What an interesting initial post, @Herold, and welcome to the Forum. I am sure your knowledge of Zenith will prove to be helpful in Future Forum posts.

I am not quite sure what you mean by "military standards of time" as opposed to the standardization of time generally in the UK based on GMT. Until the middle of the 19th century, almost every town kept its own time based on the position of the sun. However, with the expansion of the railways in the UK, and the use of railway timetables, it became necessary for some form of standardization of time to be laid down across the country, remembering that there were as yet no national or international conventions setting out rules as to how to measure time. Railway companies had already started to introduce a single standard of time across their networks in the 1840s, mainly using Greenwich Mean Time (GMT), and in December 1847, GMT was adopted by the Railway Clearing House as "Railway Time" across the UK. By the mid-1850s, most public clocks displayed GMT, although it didn't become Britain's legal standard time until 1880.

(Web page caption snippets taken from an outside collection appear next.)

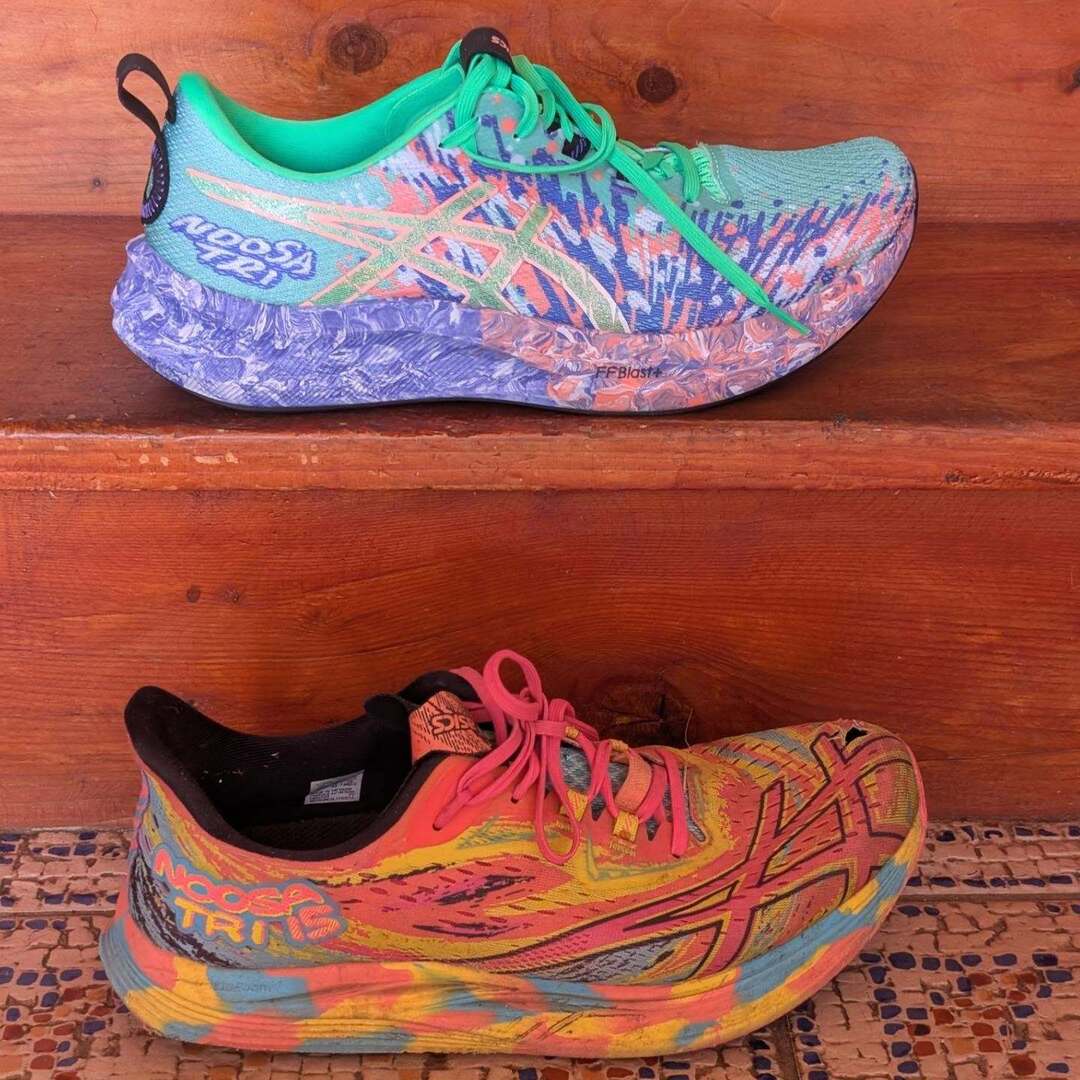 madITrunner's tweet photo. New and old @asics #asicsnoosatri15 #asicsnoosa16 https://t.co/9i3bBwcSTH https://t.co/2qdFOYR9JT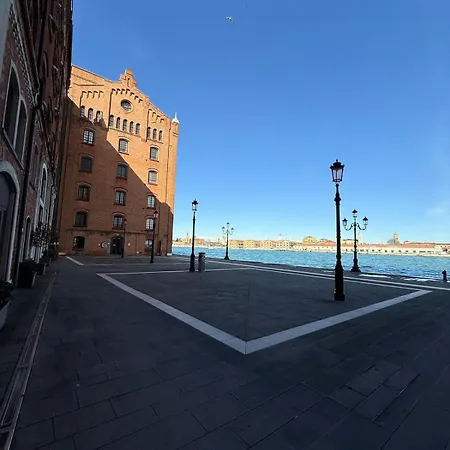 Molino Stucky Chimera - Canal View Apartment *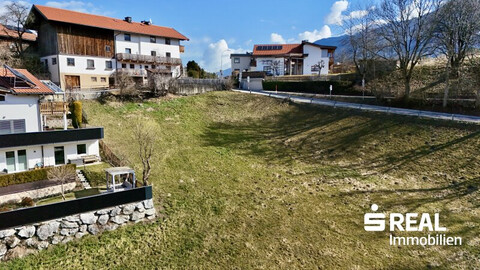 Grundstück in Vill mit traumhafter Aussicht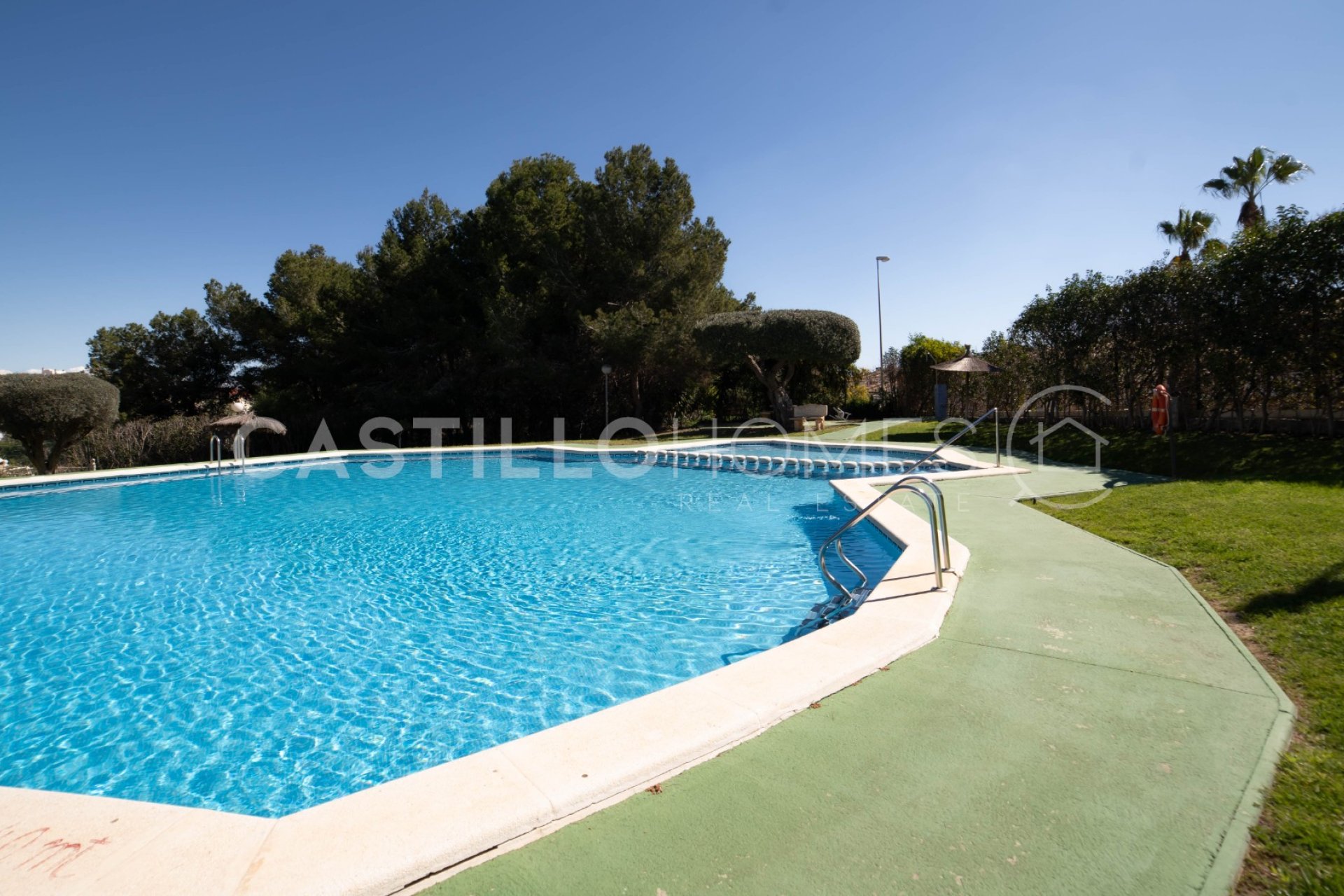 Resale - Apartment / flat - Orihuela Costa - Villamartín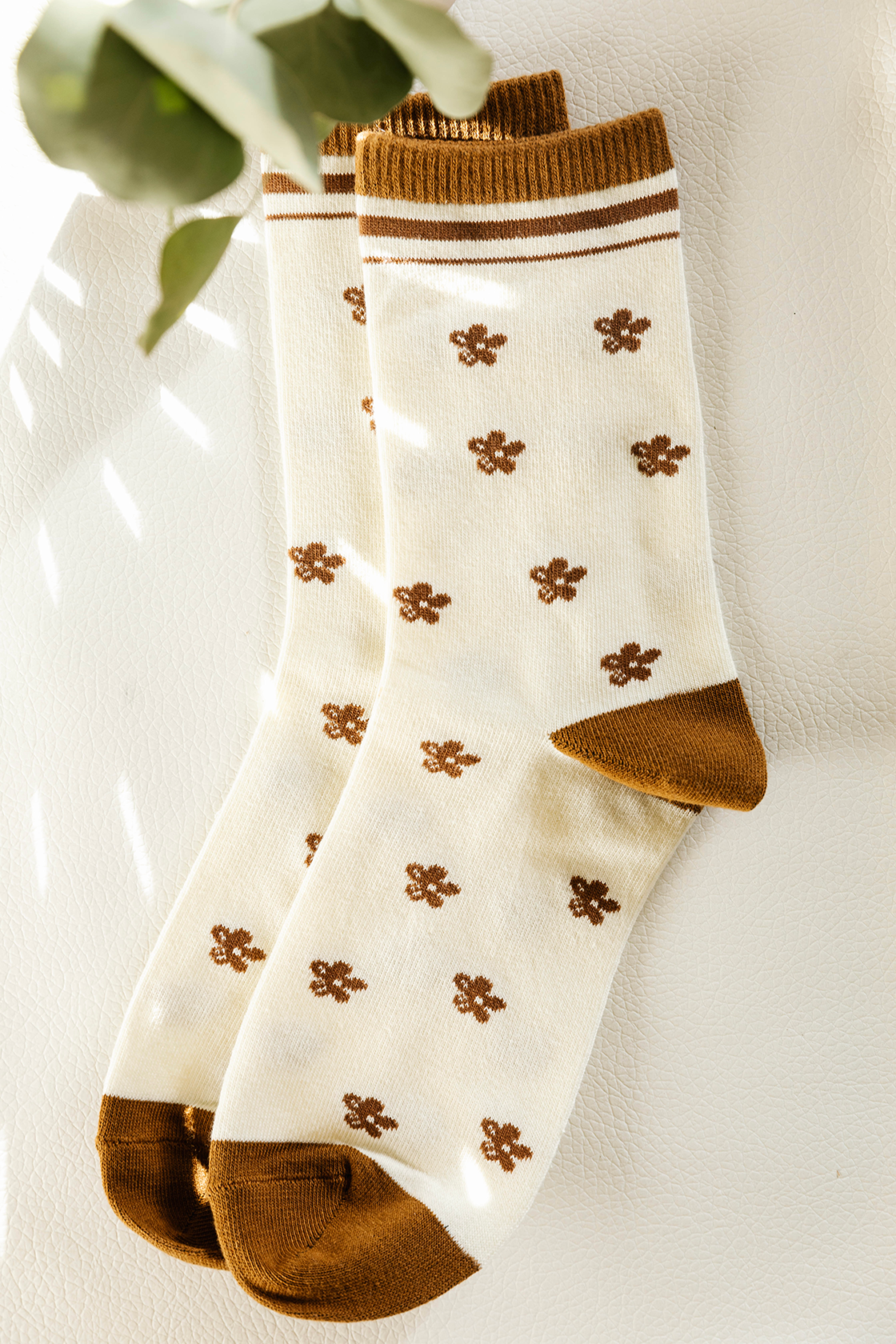 First Summer- Brown Trim Floral Print Crew Socks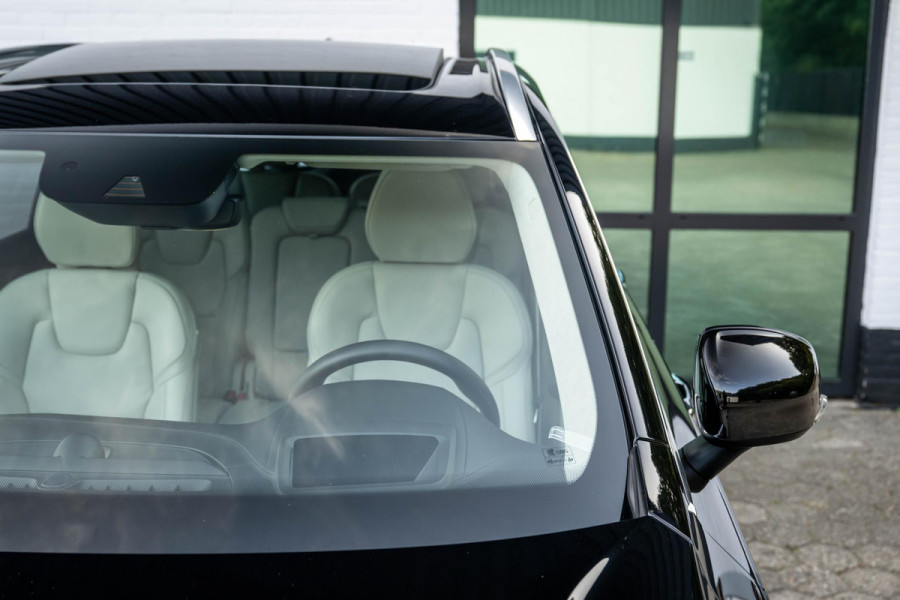 Volvo XC90 2.0 T8 Recharge AWD Inscription 455pk Massage B&W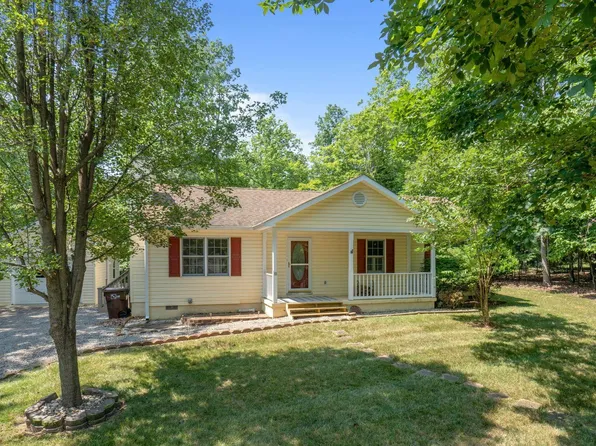 10 Austin Dr, Palmyra, VA 22963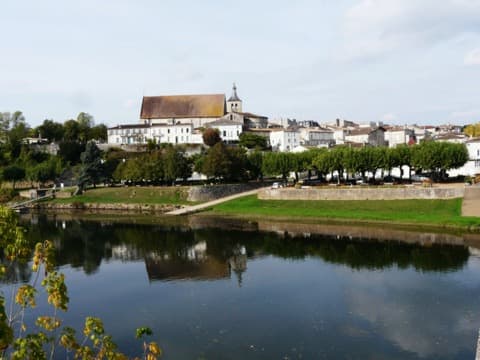 Couvreur Guîtres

The international situation was still problematic after 1880 when, in 1884, GMT was recommended as the Prime Meridian of the world. The USA had already adopted GMT as the basis of its own national time zone system, and furthermore, by the late 19th century, 72% of the world's commerce relied on charts which used Greenwich as the Prime Meridian. Thus, because it seemed that naming Greenwich as Longitude 0° would benefit the greatest number of people, GMT was adopted as standard time internationally and the Prime Meridian at Greenwich became the centre of world time and the basis for the world's time zones.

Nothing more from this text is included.